【資料写真】大津地裁

【資料写真】大津地裁

 大津市大萱6丁目の丁字路で5月に保育園児の列に車が突っ込み園児ら16人が死傷した事故で、自動車運転処罰法違反(過失致死傷)などの罪に問われた被告の無職女(53)の被告人質問が12日、大津地裁(大西直樹裁判長)で開かれた。被害園児の両親ら16人が被害者参加制度を使って参加し、事故に至る経緯や心情を問う。

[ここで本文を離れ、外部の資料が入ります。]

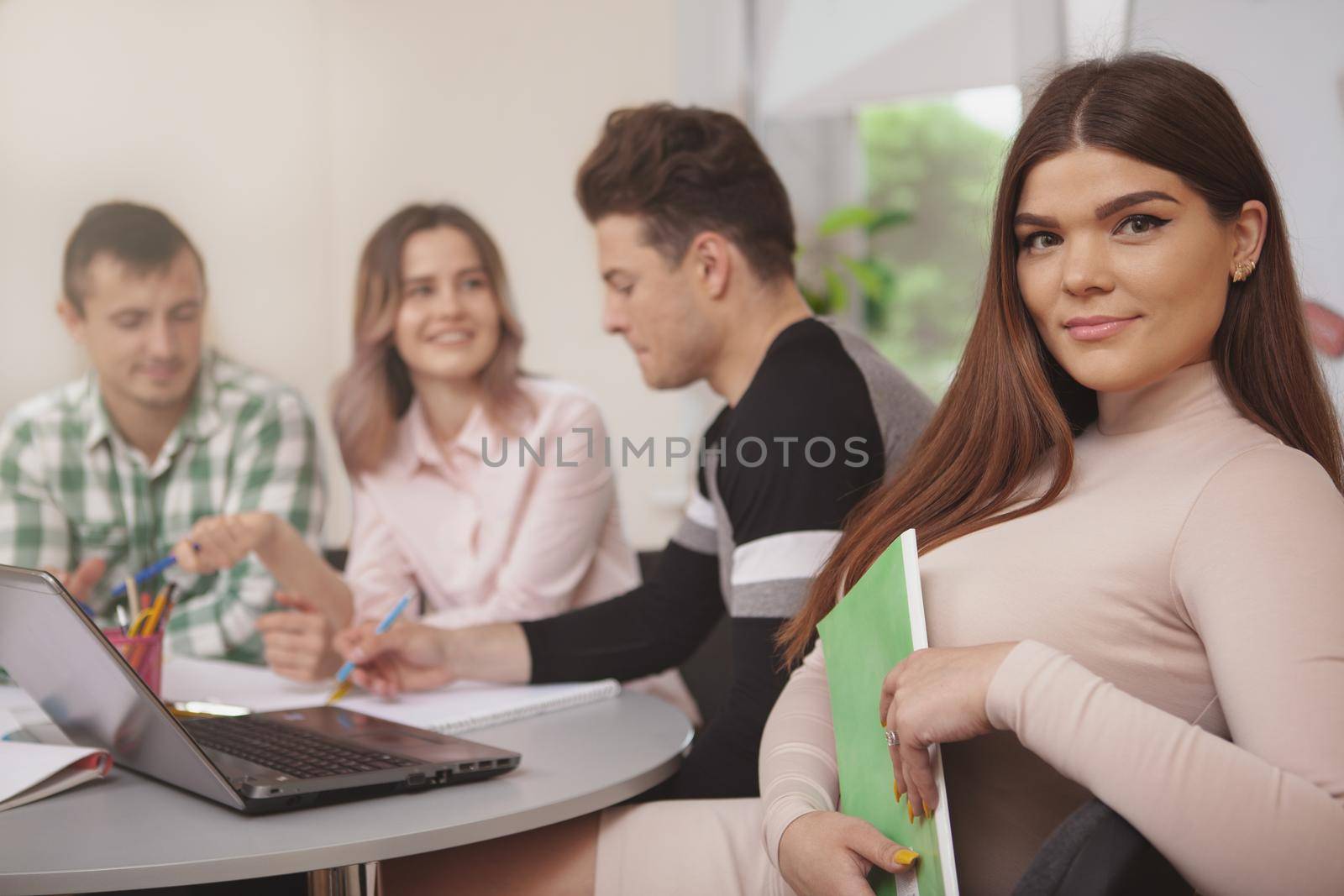 Beautiful young female student smiling to the camera, her classmates working on the background, copy space. Cheerful lovely woman enjoying working on a project with her college friends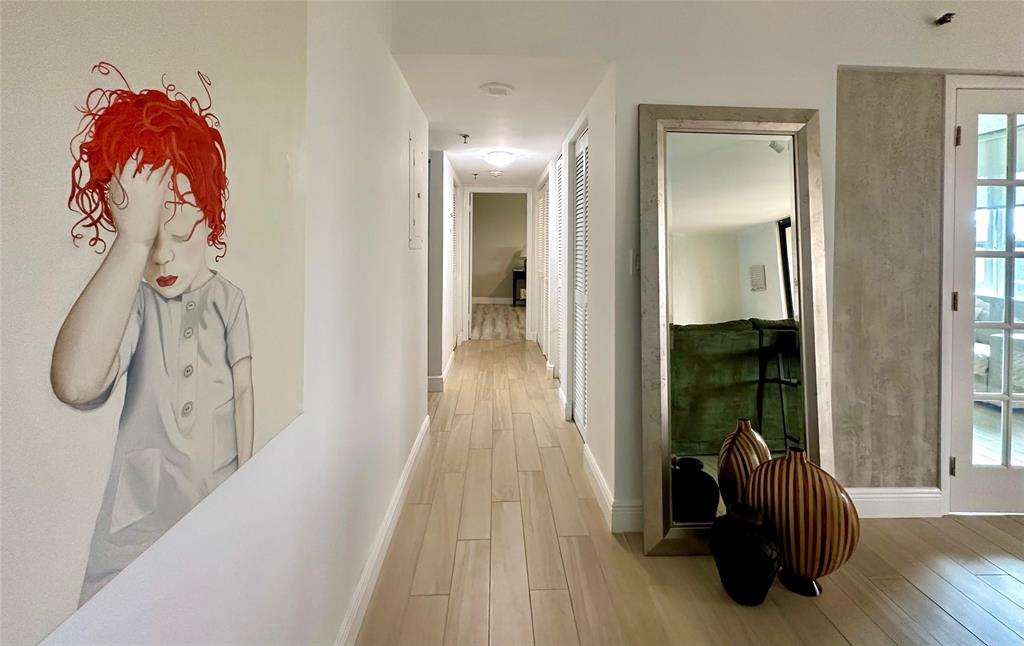 7582 Regency Lake Drive, Unit 301 Boca Raton, FL 33433 - Photo 6 of 20 a hallway with two couches and a large mirror with wooden floor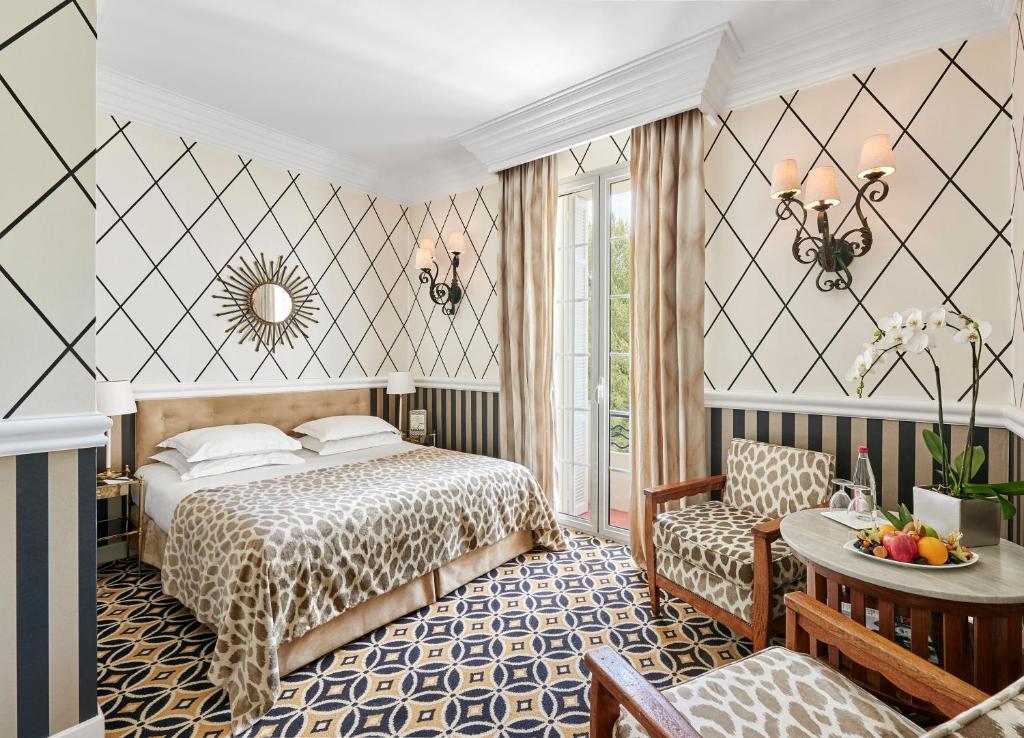 a hotel room with a bed and a table at Hôtel Belles Rives in Juan-les-Pins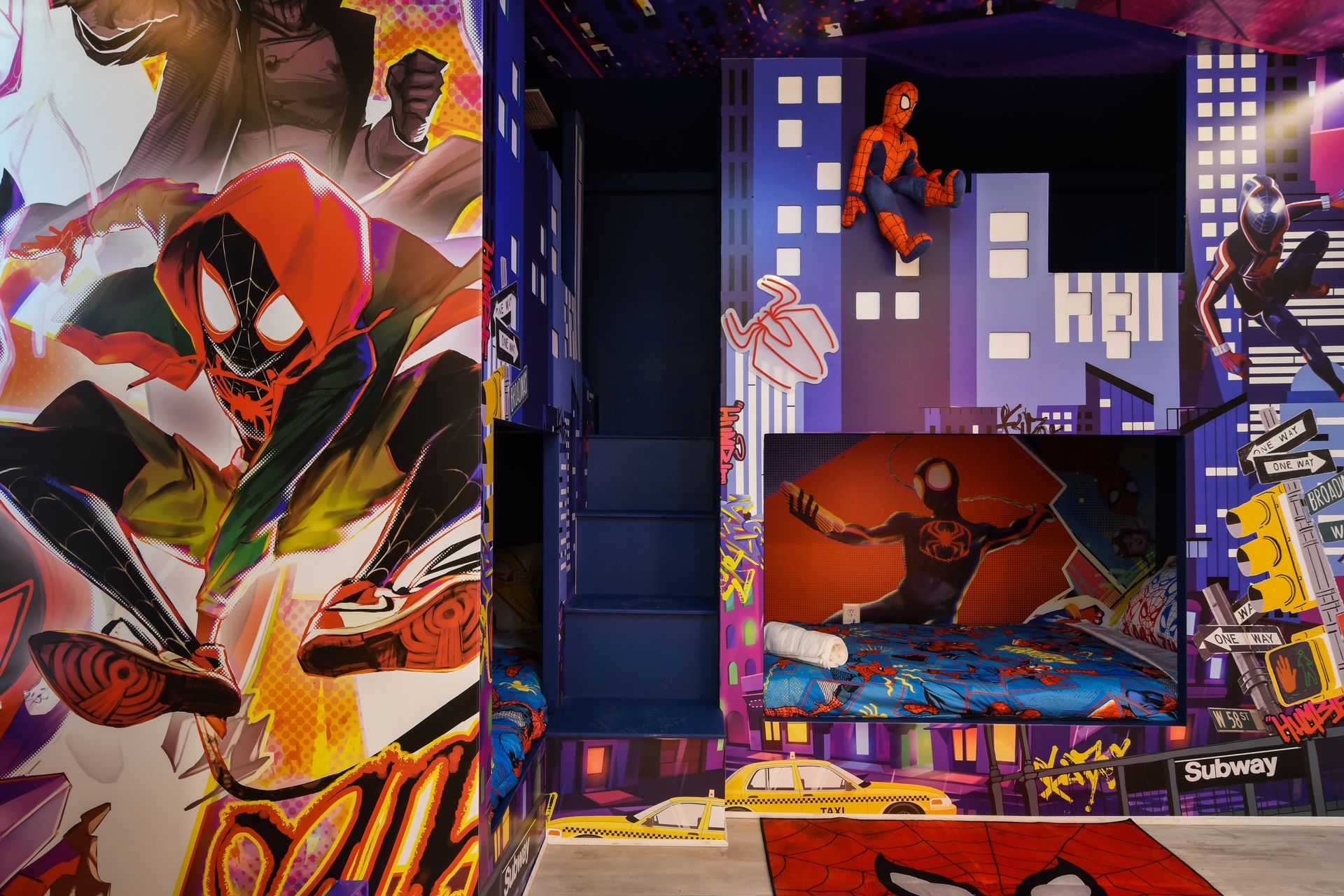 Superhero hideout with bold murals, bunk beds, and Spidey vibes!
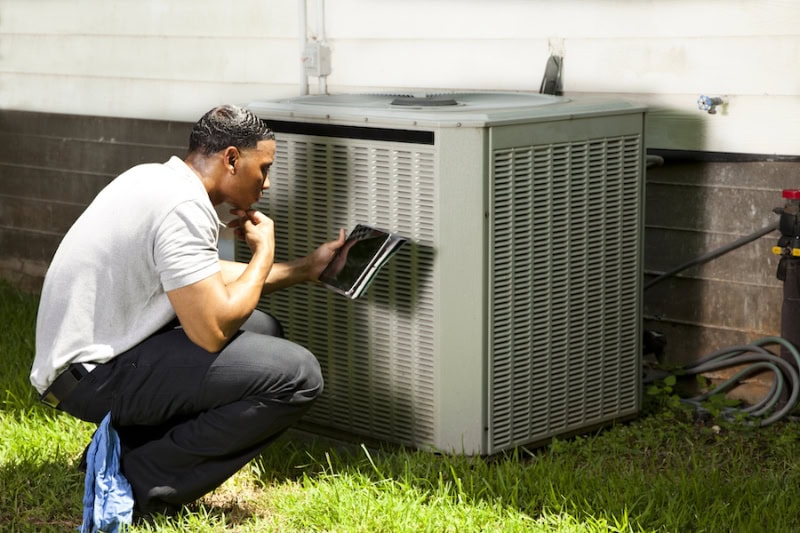 HVAC technician reviewing diagnostics on laptop to see if homeowner in Fort Worth needs a new air conditioning unit.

 弁護側の質問に対し被告は「車は週1~2回運転していた。当日は自宅へ向かう途中だった。自分勝手な運転だった。(前方不注意につながった)考え事の中身は思い出せない。園児を見てかわいいなあと思った。謝罪をしたい」と述べた。
  大津地検は10月、ストーカー規制法違反と脅迫、強要未遂の罪で女を追起訴し、地裁は自動車運転処罰法違反罪との併合審理を決定した。この日は追起訴分の起訴状朗読と冒頭陳述があり、女は「間違いありません」と内容を認めた。
  起訴状によると、5月8日午前10時14分ごろ、女は乗用車を運転中、確認を怠って右折し、対向の軽乗用車と衝突。はずみで軽乗用車を、歩道上で信号待ちをしていた園児ら16人の列に突入させ、いずれも2歳の園児2人を死亡させ、園児と保育士計14人に重軽傷を負わせた。また、保釈中の8~9月、事故後に出会い系サイトで知り合った40代男性をSNSで脅迫した、などとしている。